そして、忘れてはならないのが「講」の存在です。江戸町方では一種の相互扶助会の「講」というものができあがっていました。これが江戸しぐさを実際に機能させていく土台となってきたのです。
江戸の講は原則として、月に2回開かれました。そこでは、江戸を良い都にするためのさまざまな重要な問題を話合い、メンバーを「講中」といいました。リーダー的存在は「講師」です。「講座」も「講義」も「講堂」も「講習会」もすべてこの講から生まれた言葉です。当時の子どもたちは寺子屋で「講とは世の中のこと」と教えられ、漢字では「世間」と書くと教わりました。
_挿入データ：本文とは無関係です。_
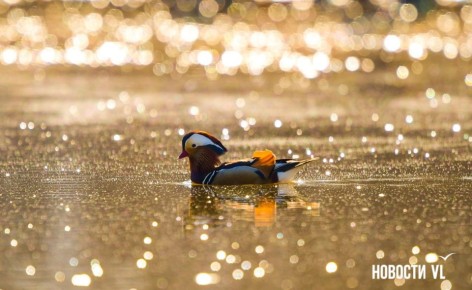 ������ ����, �����������. ���� ���������� ����������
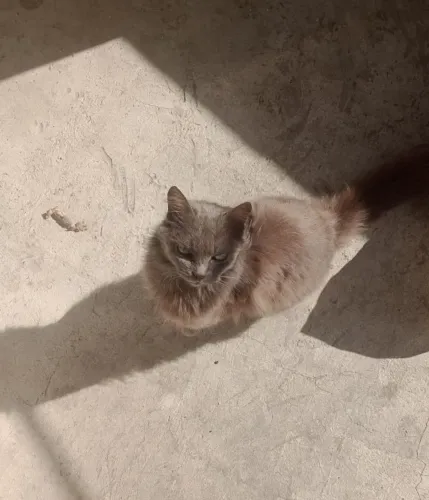 Doação. Gata castrada. Ela foi abandonada pela minha ex vizinha.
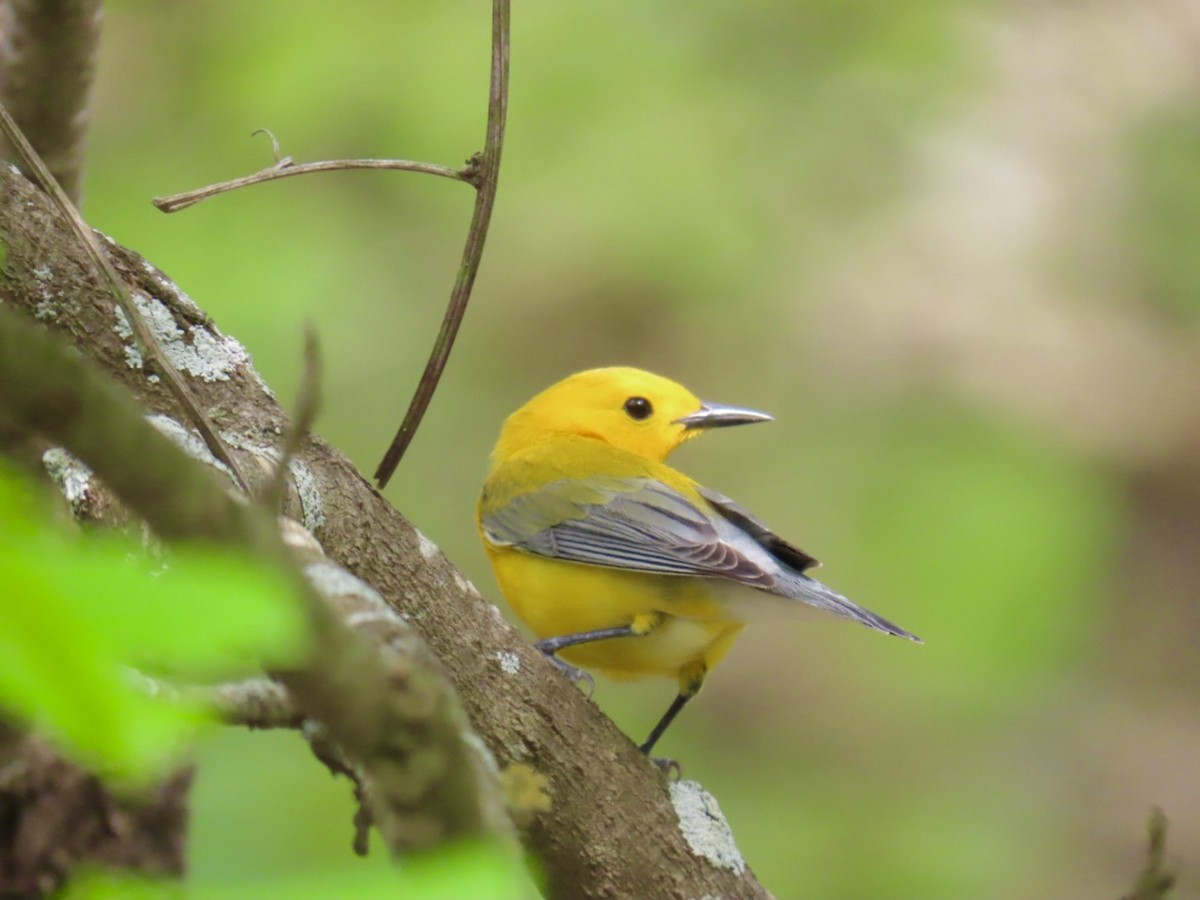 Prothonotary Warbler - ML647050563
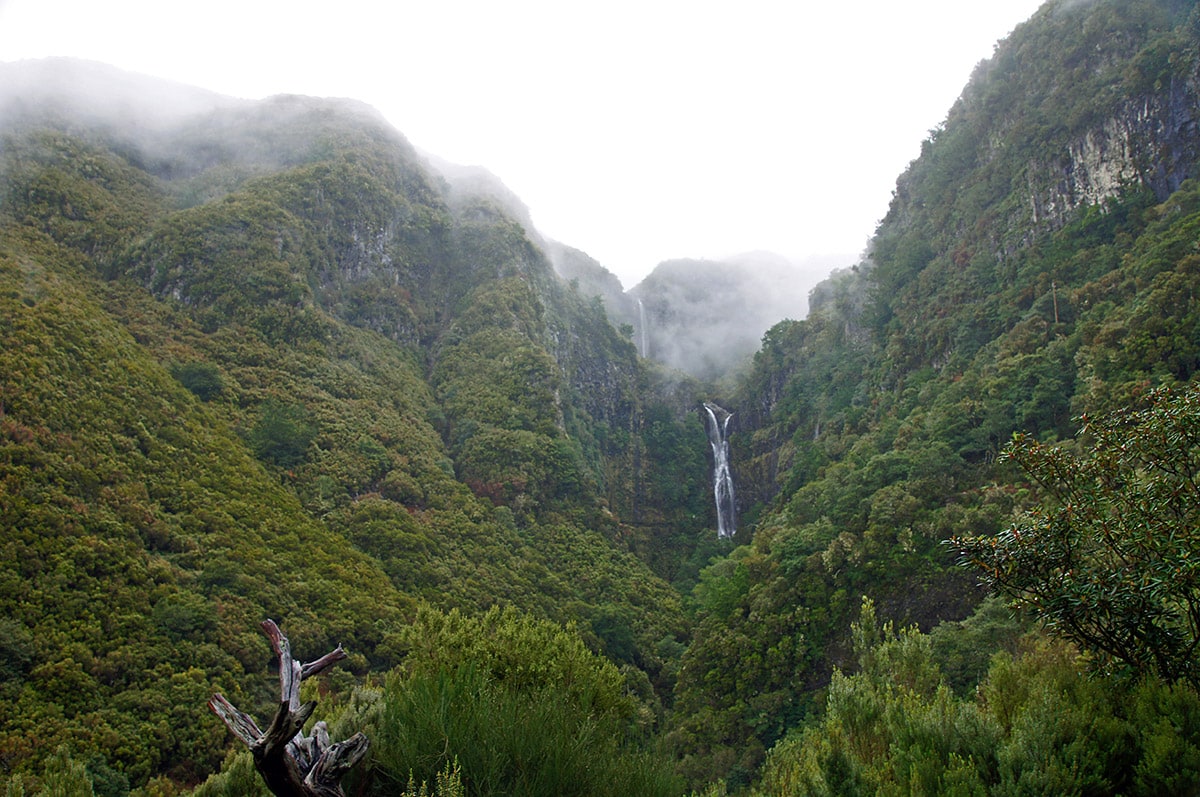 Risco Falls, Madeira
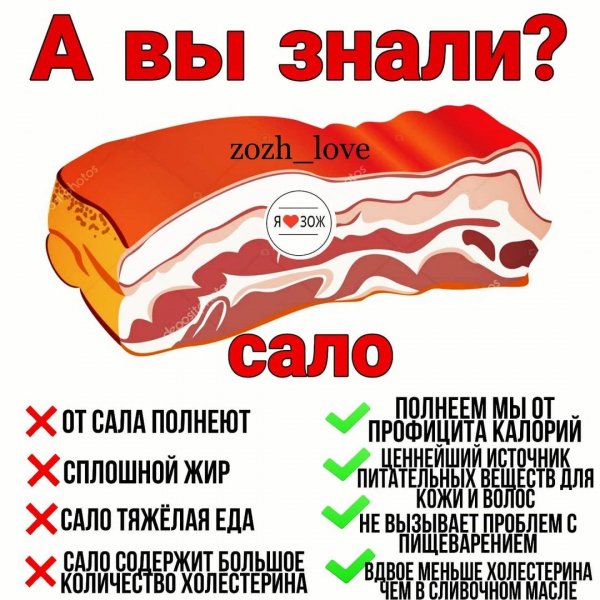 zozh love CKvglNZLsFo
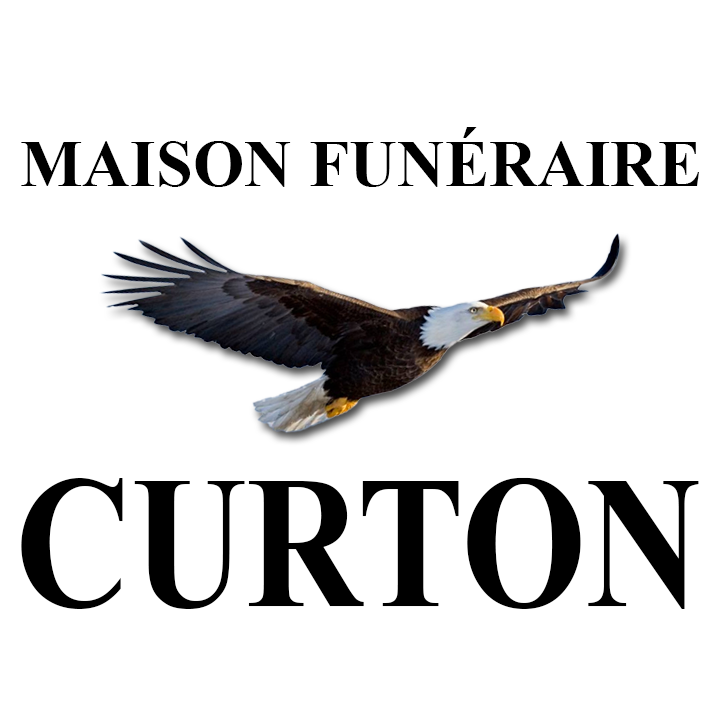 Photo d'illustration 1 sur 7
さらに講では、「人間」と書いて「じんかん」と読みました。そこには「人間関係」の意味が込められていたのです。この講こそが互助会のルーツなのです。サンレーという互助会のミッションも、まさに「良い人間関係づくりのお手伝いをする」であり、江戸しぐさの精神とまったく同じなのです。
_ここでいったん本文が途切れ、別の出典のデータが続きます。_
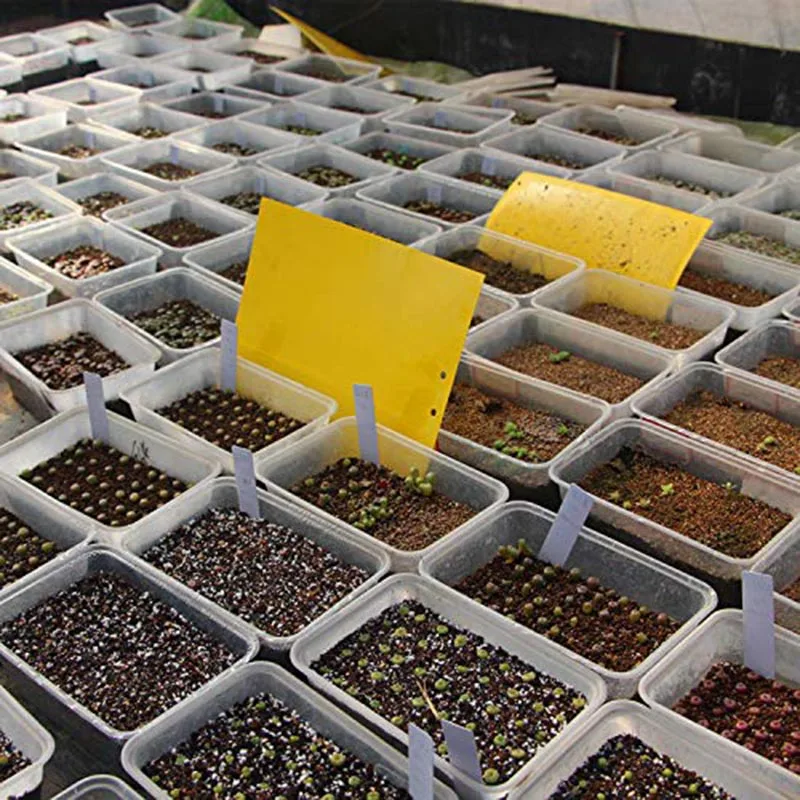 

20 Pcs/Set Home Garden Supplies Dual-Sided Yellow PVC Sticky Traps Planting Flying Insect Trap For Prevented Fungus Whiteflies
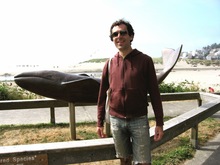 Patrick Shea Concert Tickets - 2026 Tour Dates.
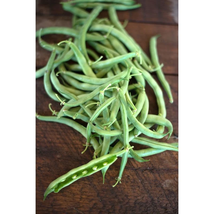 Bean Seeds - Bush - Slenderette - Vegetable Seeds - Outdoor Living - Gardening - $35.99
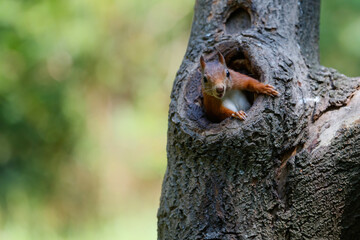 Eurasian red squirrel (Sciurus vulgaris) searching for food in the forest in the South of the Netherlands. 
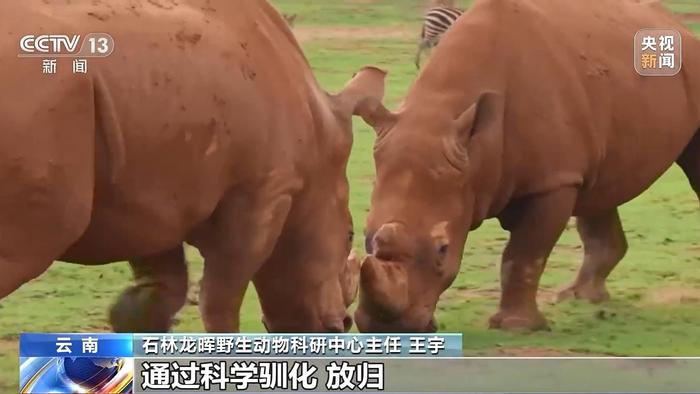 1000多万年前，非洲黑犀的原始祖先竟然生活在中国！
そして、江戸には「人は老いるほど豊かになる」という思想がありました。儒学の精神を寺子屋で学んだ江戸の町衆には、志学(15歳)、弱冠(20歳)、而立(30歳)、不惑(40歳)、知命(50歳)、耳順(60歳)のしぐさがそれぞれあったのです。
彼らは、年相応のしぐさを互いに見取り合って、文化的、人道的に暮らしていました。たとえば歩き方にしても、志学の年代は駆けるようにす早く歩き、弱冠の年代は早足、而立の年代は左右を見ながら注意深く歩いたそうです。
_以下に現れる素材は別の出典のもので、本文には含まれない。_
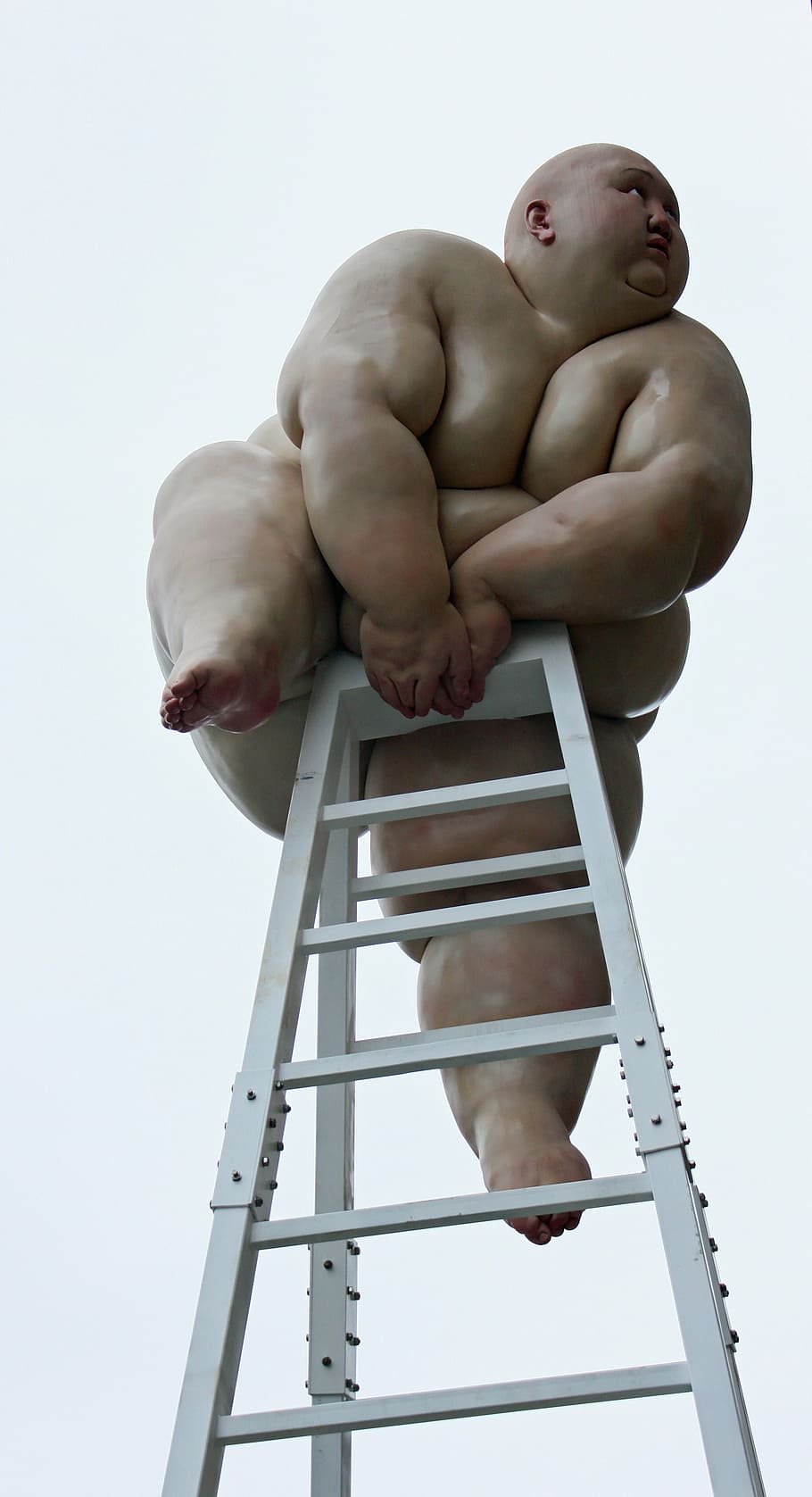 artwork, exhibition, human, thick, sumoringer, shirtless, full length HD wallpaper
18歳くらいの志学の若い者がぐずぐず歩いていると、20代の弱冠の年代の者がたしなめ、不惑の年代の者が若いつもりで駆けたりすると、腰を痛めるとされました。
耳順、つまり60歳の還暦の年代の「江戸しぐさ」は、「畳の上で死にたいと思ってはならぬ」「おのれは気息奄々(きそくえんえん)、息絶え絶えのありさまでも、他人を勇気づけよ」「若衆を笑わせるように心がけよ」でした。
60歳を越えたら、他人のためにはつらつと生き、慈しみとユーモアの精神を忘れないよう心がけたそうです。これを「耳順しぐさ」といいますが、その心得は、何よりも若者を立てることでもありました。
そして、そのぶん若者たちは隠居をはじめとした年長者たちを日頃から尊敬し、大いなる江戸の「敬老文化」が築かれていったのです。
こうした「年代しぐさ」のバックボーンには、越川先生の言われるように「共生」の土壌がありました。若者には、自分より体力的にハンディキャップのある年長者をつねに思いやる「くせ」が身についていたのです。
お互いに相手を思いやり、江戸では年長者も若者もみんな元気に楽しく暮らしていました。ぜひ、私たちも、江戸しぐさに学びましょう!